Ce pétrole brut n'est pas si brut qu'on le dit, puisque pour transporter le bitume extrait des sables bitumineux, il faut y ajouter des solvants chimiques et toxiques. Ce procédé le rendra plus liquide et permettra de le pomper jusqu'à Cacouna, au Québec, et Saint-Jean, au Nouveau-Brunswick.

Ce liquide parcourra plus de 4500 kilomètres à travers les provinces de l'ouest, l'Ontario, le Québec et le Nouveau-Brunswick.

L'oléoduc sous son érablière

Fleuve, rivières, terres agricoles, zones résidentielles, communautés autochtones; tout ce qui se trouve sur le parcours de l'oléoduc de l'est - à un moment ou à une autre - sera perturbé par les travaux. Et si un déversement survient, c'est tout l'environnement qui pourrait être lourdement hypothéqué.

C'est le cas de la ferme laitière de Jacques Savoie, située à Saint-Raphaël-de-Bellechasse. Depuis six générations, sa famille vit des vaches et d'une petite érablière, une sucrerie comme dit M. Savoie, sous laquelle passera le pipeline de TransCanada.

Pour accéder à ses champs, TransCanada lui a envoyé un chèque de 1000 $ qu'il refuse toujours d'encaisser.

Avec les pétroliers, des risques de déversements

À une centaine de kilomètres au nord, le maire de Saint-André-de-Kamouraska, Gervais Daris, se tient fièrement à côté du vieux phare de bois.
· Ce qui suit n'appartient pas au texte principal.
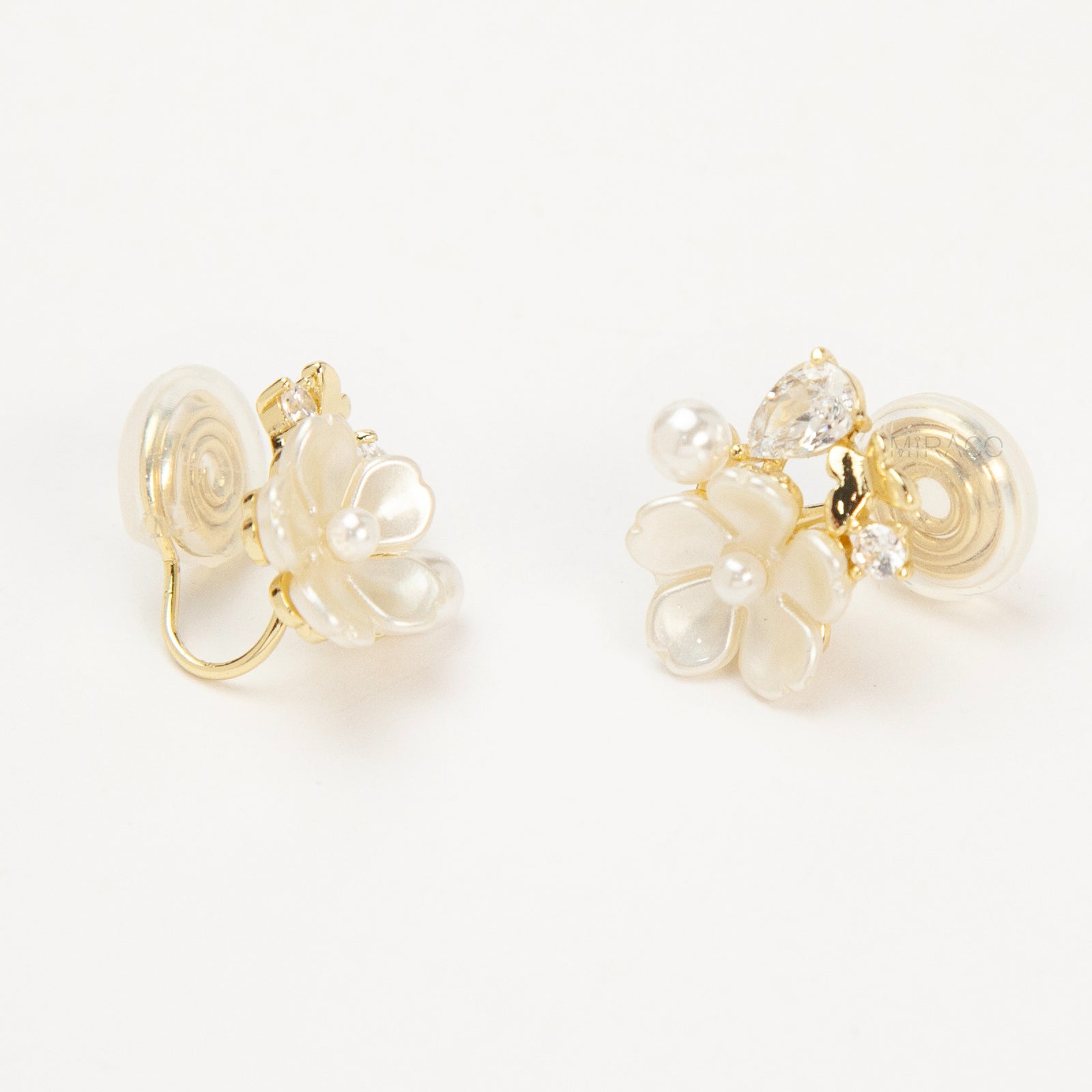 Gold-tone pearl flower clip-on earrings with crystals and coil-back clips for non-pierced ears.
Tel un irréductible, il s'oppose fermement au projet, qui à son avis ne peut qu'être porteur de mauvaises nouvelles pour la région. Écoutez ses commentaires ci-dessous.

Pour écouter les propos du maire sur votre appareil mobile, cliquez ici

« Nous sommes une compagnie sérieuse »

Le projet d'oléoduc de l'est prévoit aussi transporter du pétrole de schiste en provenance de la Saskatchewan et du Manitoba.

Quelle sera la proportion de pétrole brut en provenance des sables bitumineux de l'Alberta par rapport au pétrole de schiste? Confidentiel, nous dit-on. TransCanada n'a pas la réponse à cette question.

Aux abords d'une petite rivière, une équipe de forage s'affaire à creuser le sol afin de prélever des échantillons. « Ici, il n'y a que du roc », me dit un ingénieur qui désire garder l'anonymat.

TransCanada devra percer le roc à une dizaine de mètres sous la rivière pour faire passer le tuyau d'un peu plus d'un mètre de circonférence. Ou encore, le déposer dans le lit de la rivière. Il est encore trop tôt pour avoir la réponse à la question.

« On a fait des soirées portes ouvertes pour la population. On est très réglementé. L'an dernier, nous avons investi un milliard dans nos infrastructures pour la sécurité. Nous sommes une compagnie sérieuse », dit Philippe Cannon, porte-parole de TransCanada.